Have a craftsman 5/22 with a 5hp tecumseh. Looking for an electric starter and was wondering if there is specific starters for different hp engines. 
thanks


----------



## 140278 (Aug 27, 2020)

first you need to make sure you have the correct flywheel on the motor, look for a removeable .throw away plate where the starter bolts, make sure the flywheel has a ring gear attached.
than yes small frame.medium frame and large frame tec's use different starter motors some more than 1 style


----------



## paulm12 (May 22, 2015)

what is the part number for the 5hp TEC engine? It is usually stamped right on top of the recoil shroud. Should be something like "HS50 -xxx". Then we can look up the starter that will fit.

tx


----------



## Small engine_user (Nov 14, 2020)

captchas said:


> first you need to make sure you have the correct flywheel on the motor, look for a removeable .throw away plate where the starter bolts, make sure the flywheel has a ring gear attached.
> than yes small frame.medium frame and large frame tec's use different starter motors some more than 1 style


there is a small white sticker that says "this engine has provisions for an electric starter kit" 
im guessing that means i can add an electric starter? and which starter would i use the small medium or large?


----------



## Small engine_user (Nov 14, 2020)

paulm12 said:


> what is the part number for the 5hp TEC engine? It is usually stamped right on top of the recoil shroud. Should be something like "HS50 -xxx". Then we can look up the starter that will fit.
> 
> tx


part number is hs50 67326k


----------



## 3vanman (Nov 21, 2017)

Small engine_user said:


> there is a small white sticker that says "this engine has provisions for an electric starter kit"
> im guessing that means i can add an electric starter? and which starter would i use the small medium or large?

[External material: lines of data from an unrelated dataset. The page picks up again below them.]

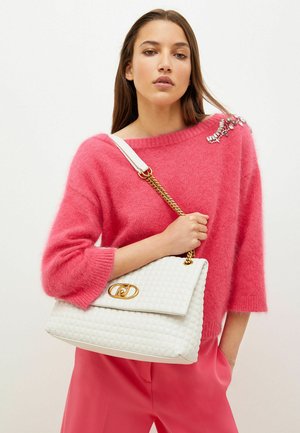 QUILTED - Handbag - bone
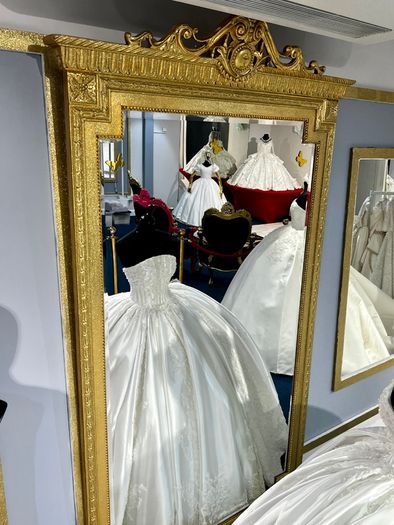 MUST GO! Vintage Style Throne, Chairs (big&small), Mirrors & Flower Arch - QUICK SALE!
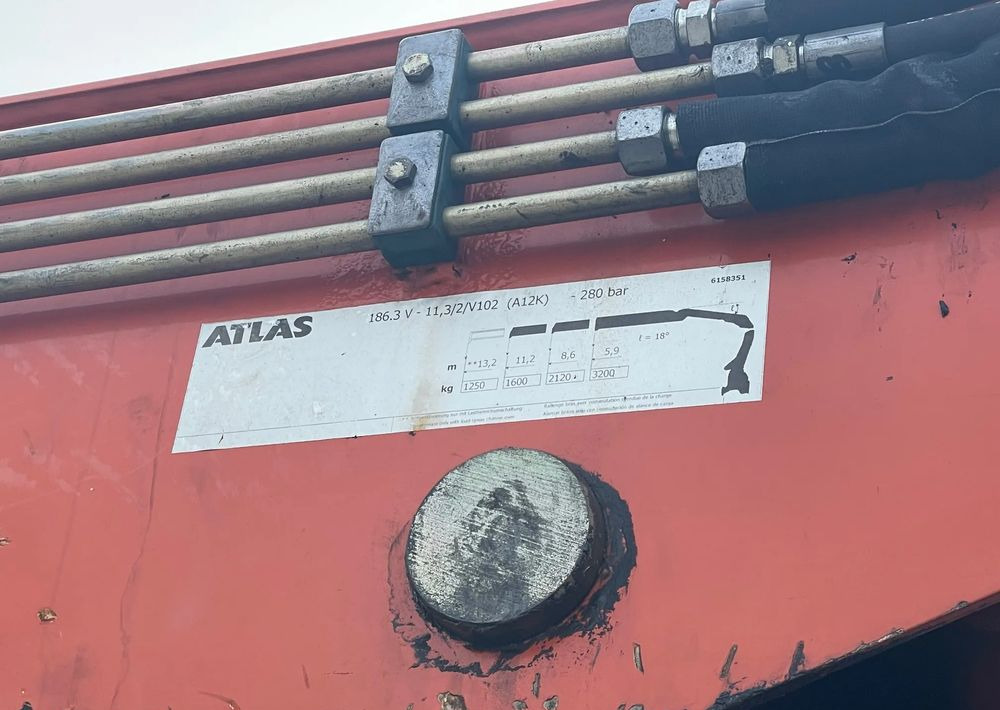 Dropside/ Flatbed truck, Crane truck Mercedes-Benz Arocs 2545, HDS ATLAS 186.3 - PILOT: picture 17 Dropside/ Flatbed truck, Crane truck Mercedes-Benz Arocs 2545, HDS ATLAS 186.3 - PILOT: picture 17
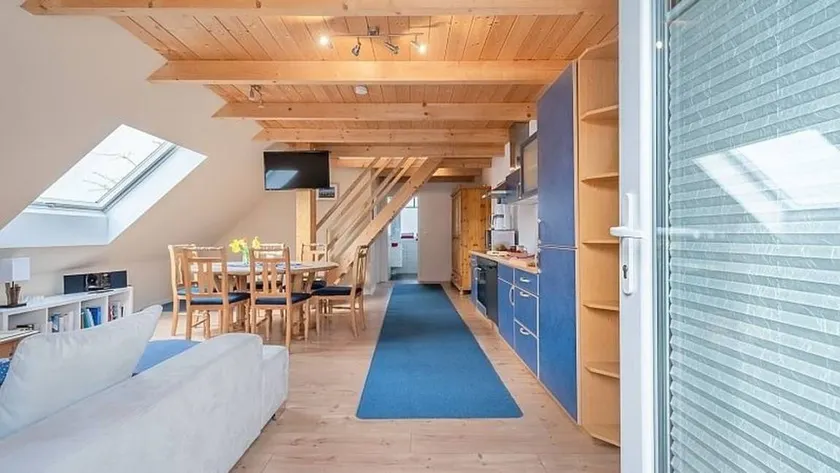 Apartamento con barbacoa, jardín y sauna | Vistas al mar - Image 1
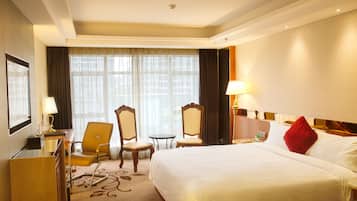 Business Room, 1 King Bed | Desk, free WiFi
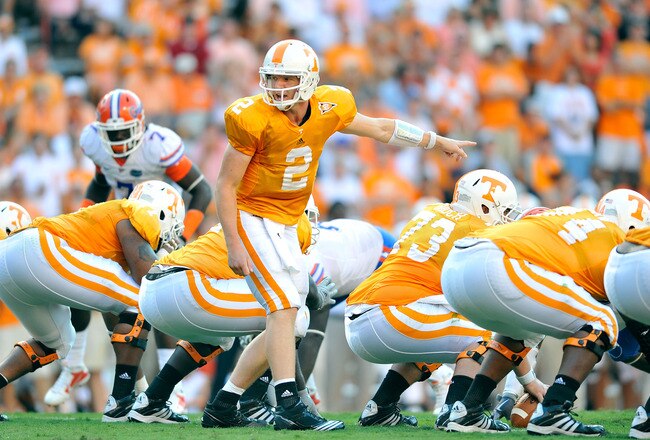 KNOXVILLE, TN - SEPTEMBER 18:  Quarterback Matt Simms #2 of the Tennessee Volunteers calls an audible against the Florida Gators  at Neyland Stadium on September 18, 2010 in Knoxville, Tennessee. Florida won 31-17.  (Photo by Grant Halverson/Getty Images)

Yes, it does, but it is also important to have the engine model info, as there may be more than one "option" for starters.


----------



## 3vanman (Nov 21, 2017)

Small engine_user said:


> hs50 67326k


According to the number you suppled, and Jacks Small Engines listings, this is the starter listed Tecumseh 33290H Elec Starter W/Cord - Jacks Small Engines


----------



## Small engine_user (Nov 14, 2020)

3vanman said:


> According to the number you suppled, and Jacks Small Engines listings, this is the starter listed Tecumseh 33290H Elec Starter W/Cord - Jacks Small Engines


ok i will look into that thank you


----------



## koreywill (Feb 4, 2014)

Using your p/n I came up with this: Amazon.com: New 120V Electric Starter Replacement For TECUMSEH SNOWBLOWER HSK40 HSSK LH OH195 OHSK 33290E, 72200600 33290, 33290A, 33290B, 33290C, 33290D, 33517: Automotive
Double check all numbers to make sure that it will work.


----------